(The records):
BEGIN
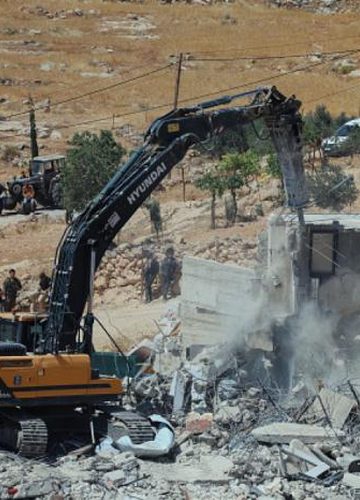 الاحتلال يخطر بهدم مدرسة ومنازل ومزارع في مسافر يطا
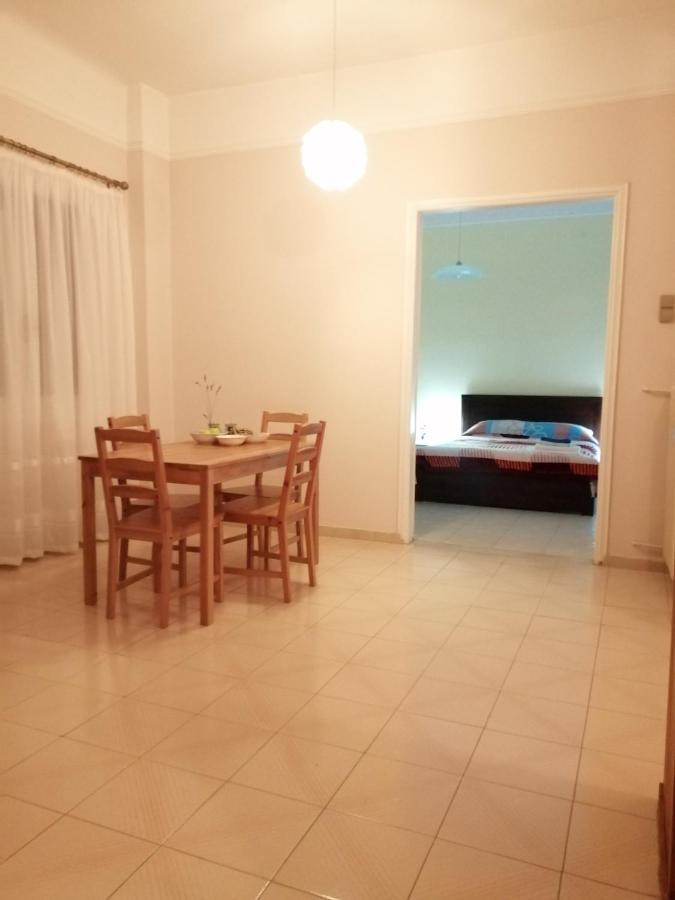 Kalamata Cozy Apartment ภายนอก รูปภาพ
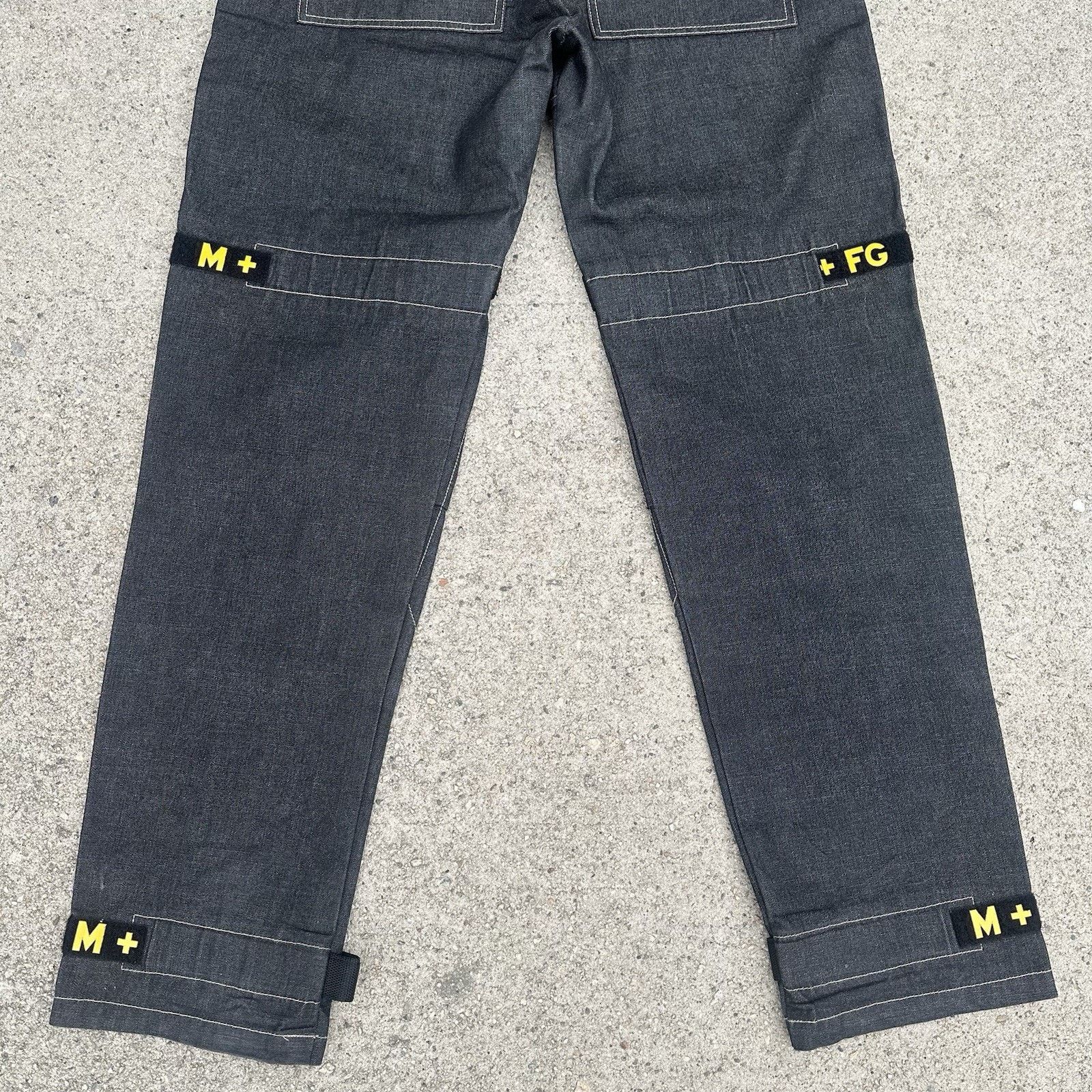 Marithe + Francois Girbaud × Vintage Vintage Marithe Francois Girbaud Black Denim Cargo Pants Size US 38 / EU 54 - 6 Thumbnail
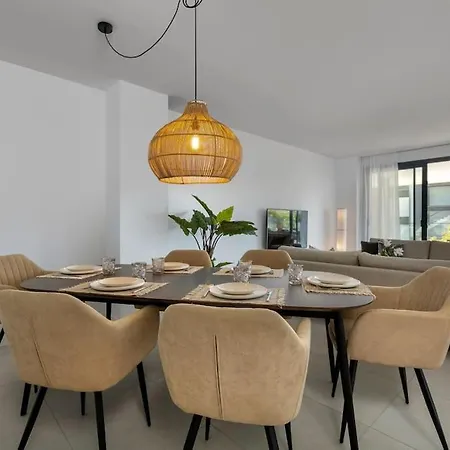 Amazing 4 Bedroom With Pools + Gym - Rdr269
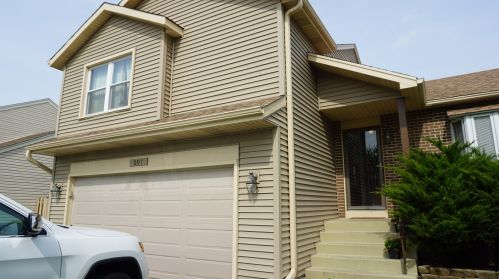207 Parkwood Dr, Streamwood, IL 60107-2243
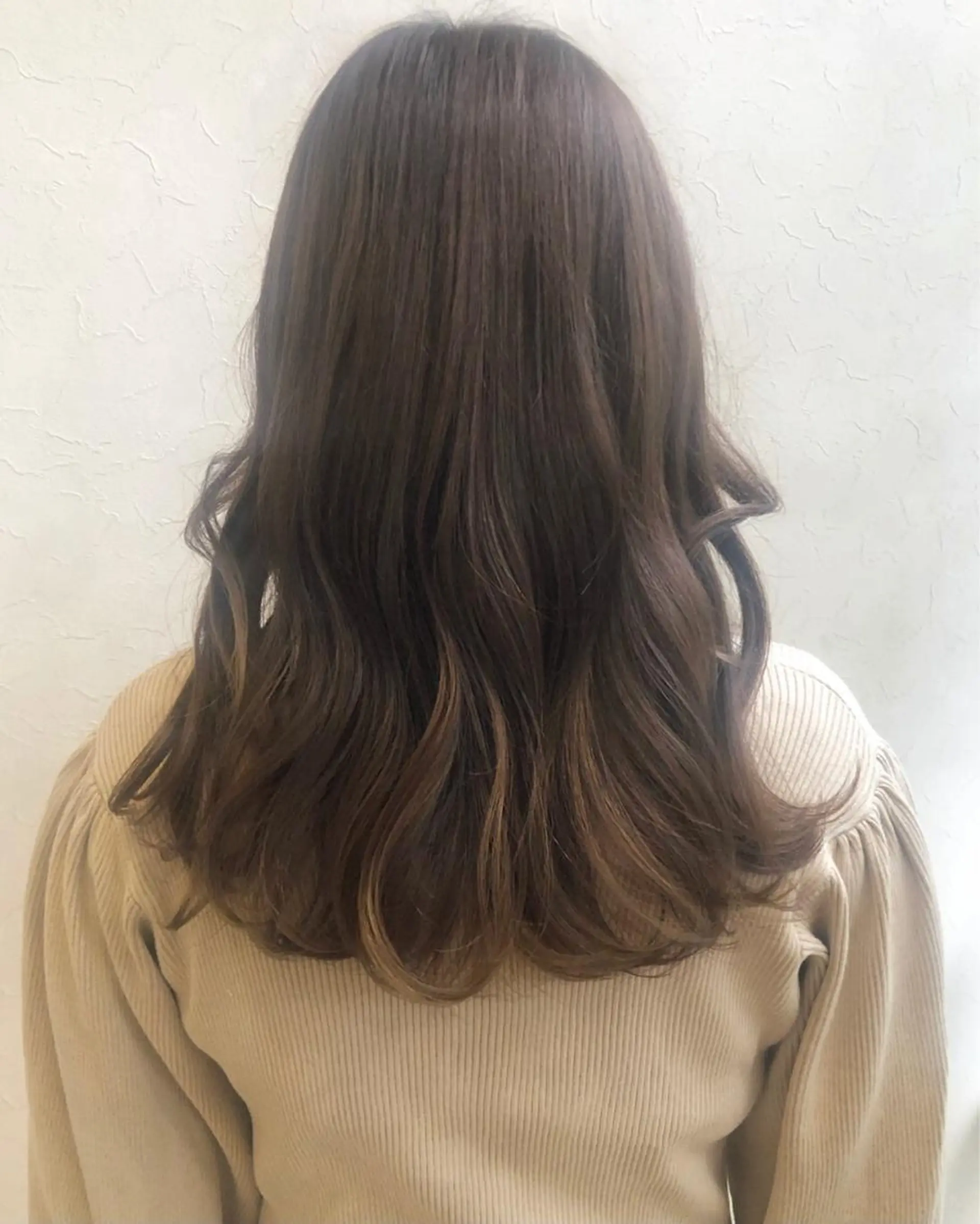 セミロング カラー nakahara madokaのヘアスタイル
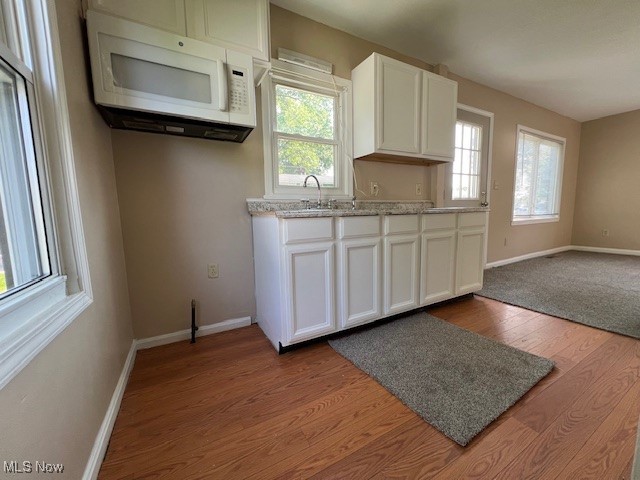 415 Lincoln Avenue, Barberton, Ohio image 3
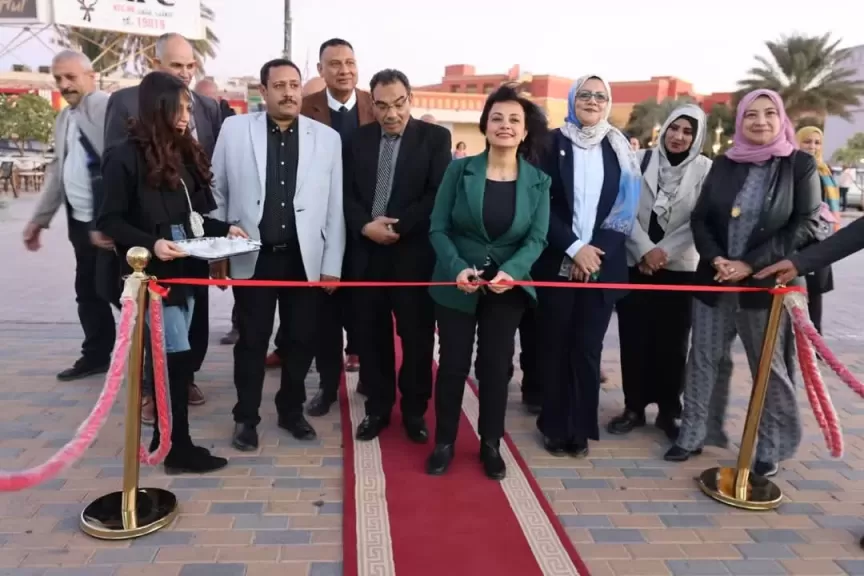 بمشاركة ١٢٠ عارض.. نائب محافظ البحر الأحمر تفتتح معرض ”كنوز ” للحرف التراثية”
END
(What to work on): Write out the lines from the start of the material to the line with "415 Lincoln Avenue, Barberton, Ohio image 3", inclusive and exactly. Skip the pictures.

(Result for this task):
 الاحتلال يخطر بهدم مدرسة ومنازل ومزارع في مسافر يطا
 Kalamata Cozy Apartment ภายนอก รูปภาพ
 Marithe + Francois Girbaud × Vintage Vintage Marithe Francois Girbaud Black Denim Cargo Pants Size US 38 / EU 54 - 6 Thumbnail
 Amazing 4 Bedroom With Pools + Gym - Rdr269
207 Parkwood Dr, Streamwood, IL 60107-2243
 セミロング カラー nakahara madokaのヘアスタイル
 415 Lincoln Avenue, Barberton, Ohio image 3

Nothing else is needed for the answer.